About this task: Your job is to return each record exactly, minus any pictures.
*****
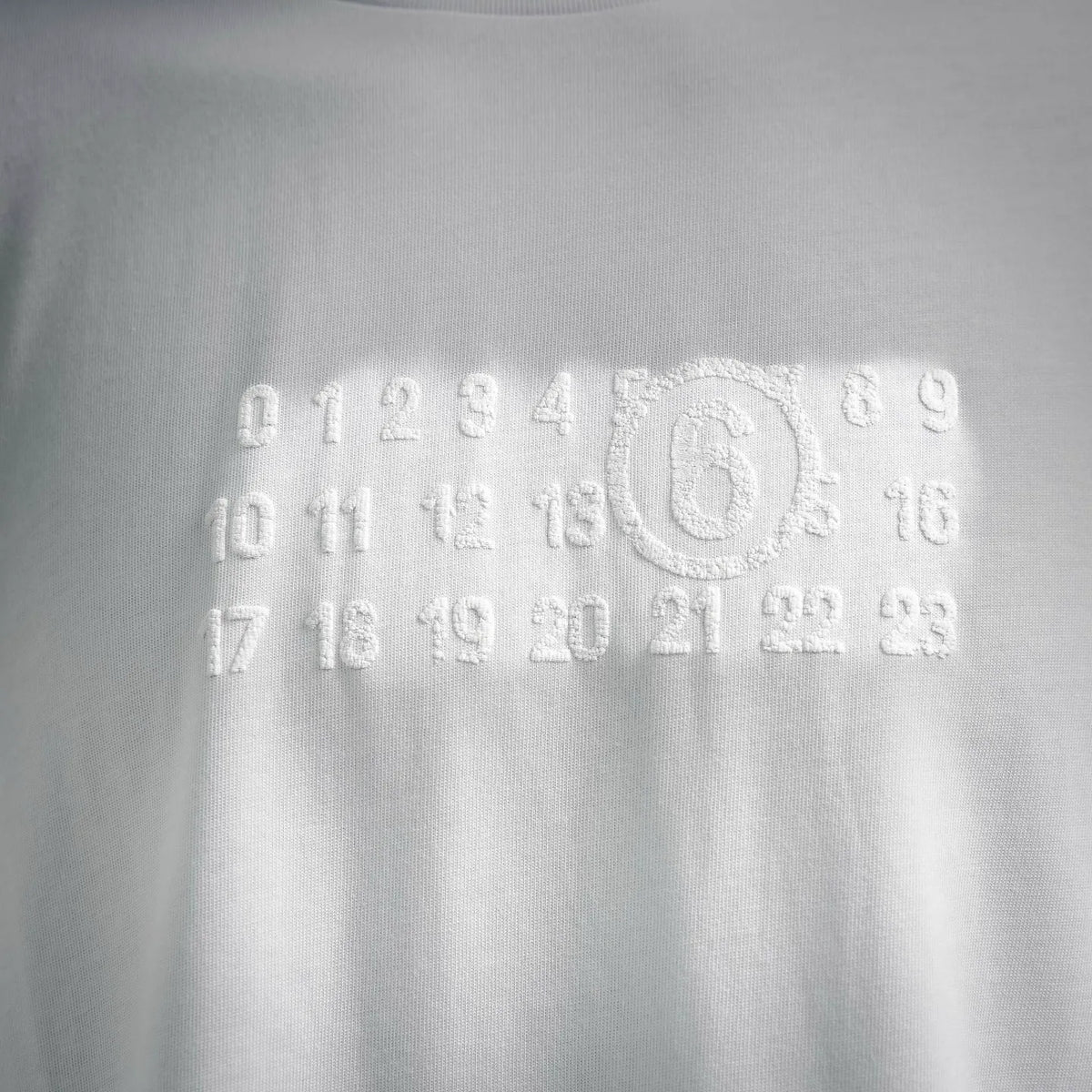 White T-shirt with raised numeric graphic and outlined circular logo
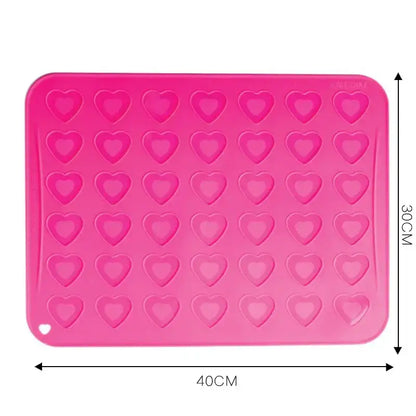 Pink heart silicone macaron baking mat with heart-shaped molds from decorbites for precise macaron baking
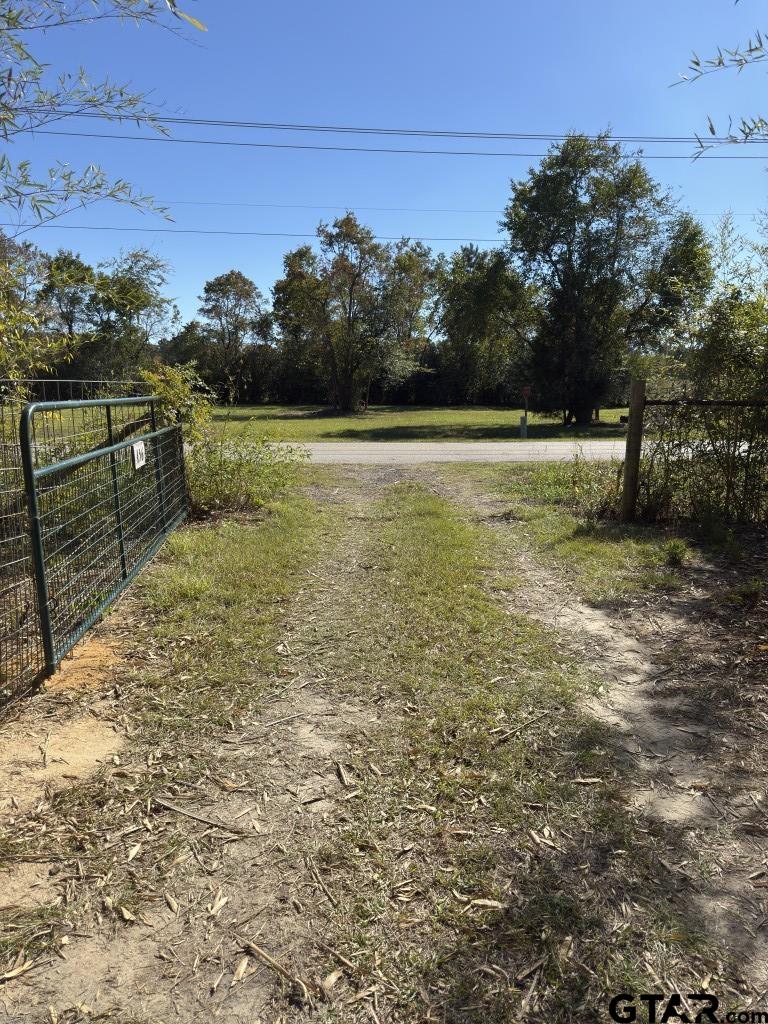456 Marshall Ivy Road Huntington, TX 75949 - Photo 25 of 32 a view of a yard with wooden fence
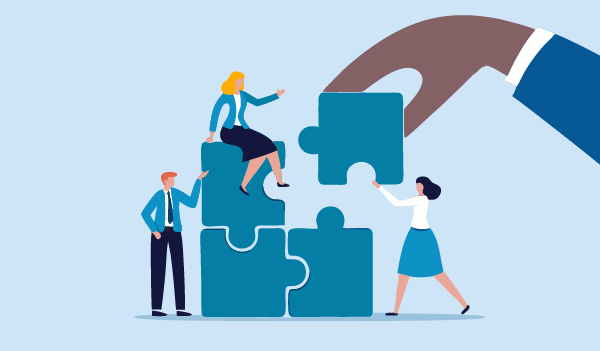 An illustration of three people assembling large puzzle pieces together, while a giant hand places an additional puzzle piece in place.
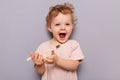 Photo of little cute child girl holding toothbrush, trying brushing teeth herself at morning every day, standing isolated on gray Royalty Free Stock Photo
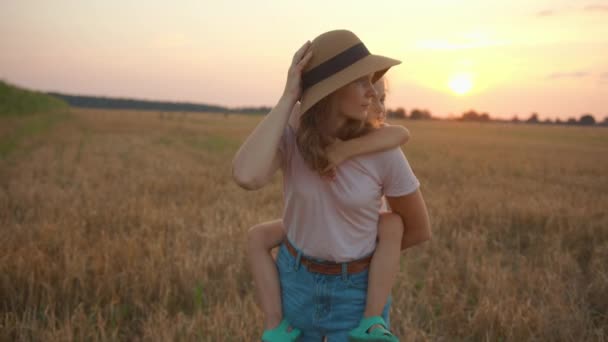 Uma bela jovem segura sua filha de costas enquanto está em um campo de trigo e a beija. Movimento lento — Vídeo de Stock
*****
Answer area:
 White T-shirt with raised numeric graphic and outlined circular logo
 Pink heart silicone macaron baking mat with heart-shaped molds from decorbites for precise macaron baking
456 Marshall Ivy Road Huntington, TX 75949 - Photo 25 of 32 a view of a yard with wooden fence
 An illustration of three people assembling large puzzle pieces together, while a giant hand places an additional puzzle piece in place.
 Photo of little cute child girl holding toothbrush, trying brushing teeth herself at morning every day, standing isolated on gray Royalty Free Stock Photo
 Uma bela jovem segura sua filha de costas enquanto está em um campo de trigo e a beija. Movimento lento — Vídeo de Stock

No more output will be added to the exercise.